### Prompt
For this listing, the lines between the one holding "Options like power" and the one holding "We'll kick it", inclusive, must be set down exactly.

### Source records
/---
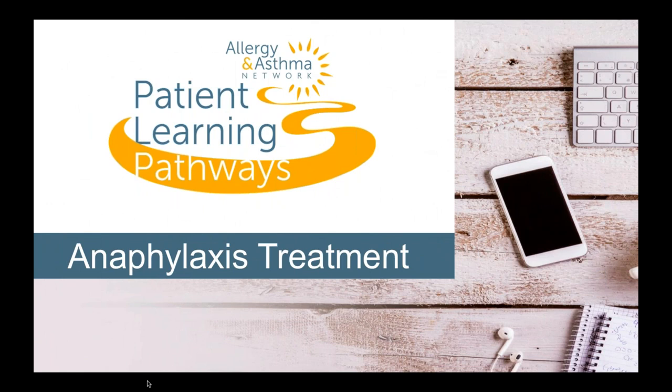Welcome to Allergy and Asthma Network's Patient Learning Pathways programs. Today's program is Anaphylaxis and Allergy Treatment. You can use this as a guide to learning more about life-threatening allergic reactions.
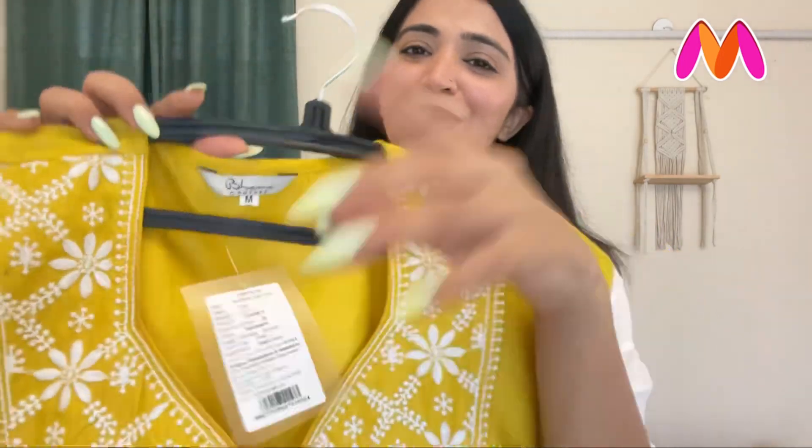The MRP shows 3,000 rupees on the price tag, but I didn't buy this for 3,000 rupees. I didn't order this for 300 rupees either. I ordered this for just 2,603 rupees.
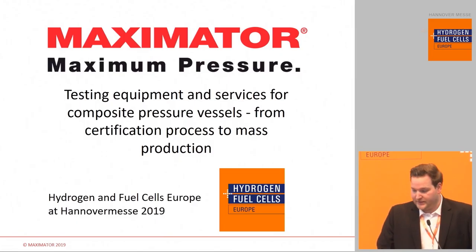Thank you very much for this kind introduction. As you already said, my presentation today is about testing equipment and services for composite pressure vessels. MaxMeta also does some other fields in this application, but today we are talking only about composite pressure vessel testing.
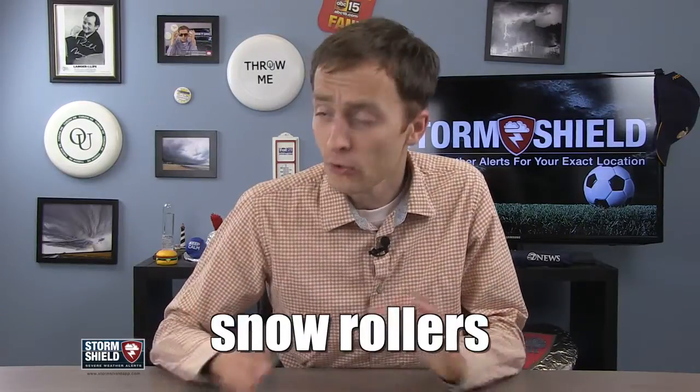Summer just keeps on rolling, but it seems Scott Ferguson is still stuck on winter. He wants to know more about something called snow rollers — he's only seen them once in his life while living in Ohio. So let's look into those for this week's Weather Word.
\---
/---
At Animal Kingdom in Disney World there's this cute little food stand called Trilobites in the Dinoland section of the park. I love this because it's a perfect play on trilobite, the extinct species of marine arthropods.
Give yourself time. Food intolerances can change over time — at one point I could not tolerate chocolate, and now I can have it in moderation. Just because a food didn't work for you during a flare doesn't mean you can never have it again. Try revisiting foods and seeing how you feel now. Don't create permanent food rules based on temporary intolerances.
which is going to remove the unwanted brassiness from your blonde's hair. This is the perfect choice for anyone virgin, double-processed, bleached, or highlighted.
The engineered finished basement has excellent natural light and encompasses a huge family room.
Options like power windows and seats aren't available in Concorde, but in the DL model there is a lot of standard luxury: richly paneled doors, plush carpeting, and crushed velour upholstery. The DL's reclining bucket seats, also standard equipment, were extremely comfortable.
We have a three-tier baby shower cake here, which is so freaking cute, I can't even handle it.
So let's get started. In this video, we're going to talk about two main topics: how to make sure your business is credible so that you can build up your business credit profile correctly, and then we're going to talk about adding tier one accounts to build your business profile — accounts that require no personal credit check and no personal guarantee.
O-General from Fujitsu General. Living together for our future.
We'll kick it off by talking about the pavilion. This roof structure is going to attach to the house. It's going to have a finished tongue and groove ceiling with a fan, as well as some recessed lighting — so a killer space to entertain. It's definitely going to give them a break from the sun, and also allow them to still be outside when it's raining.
\---
### Response to this task
Options like power windows and seats aren't available in Concorde, but in the DL model there is a lot of standard luxury: richly paneled doors, plush carpeting, and crushed velour upholstery. The DL's reclining bucket seats, also standard equipment, were extremely comfortable.
We have a three-tier baby shower cake here, which is so freaking cute, I can't even handle it.
So let's get started. In this video, we're going to talk about two main topics: how to make sure your business is credible so that you can build up your business credit profile correctly, and then we're going to talk about adding tier one accounts to build your business profile — accounts that require no personal credit check and no personal guarantee.
O-General from Fujitsu General. Living together for our future.
We'll kick it off by talking about the pavilion. This roof structure is going to attach to the house. It's going to have a finished tongue and groove ceiling with a fan, as well as some recessed lighting — so a killer space to entertain. It's definitely going to give them a break from the sun, and also allow them to still be outside when it's raining.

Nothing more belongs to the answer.